Having this PRD and task list I can asses that i.e. tasks 1-4 can be done in a single run. Also what I found a nice addition is ask agent to prepare a checkpoints for me. So that the Agent can note in README.md stuff like:

### Checkpoints

- **CP0 (after 0):** issuer_id FK dropped (Alembic migration + ORM changes),
  SYSTEM-context writes work, accounting query engine uses explicit LEFT JOIN
  for issuer display. All existing tests pass.
- **CP1 (after 1-7, 22):** All new models + repos exist alongside
  TransactionModel. Migration has run - new tables created + backfilled.
  Zero behavior change. All existing tests pass unchanged.
- **CP2 (after 8-11):** Facades write to new models. Earnings recorded on
  booking completion (net after fees, using FeesService). PaymentRefunded
  domain event preserved. Unit tests adapted and passing.
- **CP3 (after 12-18):** Query engines + routes migrated. get_payment_status
  on read model. booking_queries.py uses PaymentModel. All API endpoints
  return correct data.
- **CP4 (after 19-21):** Cross-module coupling removed. Referral updated.
  `grep -r "BookingModel" modules/domain/finance/` and
  `grep -r "TransactionModel" modules/domain/bookings/` return nothing.
- **CP5 (after 23-25):** Old table dropped, all tests green. Done.
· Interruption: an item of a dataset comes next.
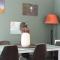 Renovated 5 Bdr House near Acropolis - New Beds, Terrace & Green Yard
So I have a high level understanding of the “chunks” where I can start testing manually. This is useful in bigger changes.

Agent picks the chunks to implement.

At this point the work should be in such small chunks that you should do it with agent with no skills.

But still I find helpful to add a few of them. Especially deep-research one.

skills/deep-research/SKILL.md

I’ve found similar concept here: youtube.com - rmvDxxNubIg

So the Agent in its own run can decide how to implement it. I have a few subagents defined for:

research - understanding the logic around our change. Just looking if there are no surprises hidden in the code, checking if agent is actually capable of introducing a change etc. It’s basically “smart-context-gathering”.
implementing - I like to have it separate and focused on implementation. Master agent at this point is delegating (based on the context) specific change to be introduced. Very often a few in parallel!
test runner - this is super helpful. And it’s not about “how to run tests”, but if tests fail, compact the trace into meaningful insights so that master agent can properly delegate the fix/adjustments.
review - delegate the review to drop the context of author of the changes.

And this basically closes the second loop. Interesting is that second loop can find missing pieces in initial docs and its easy to just add it there as a “next” tasks to implement which will be tackled in second loop.

Other skills

There are a few other which have no specific place in the whole workflow yet must say they “automate” a lot. Check them in github.com/JakubSzwajka/skills.

Document your skills, share them, iterate on them. This is the new dotfiles.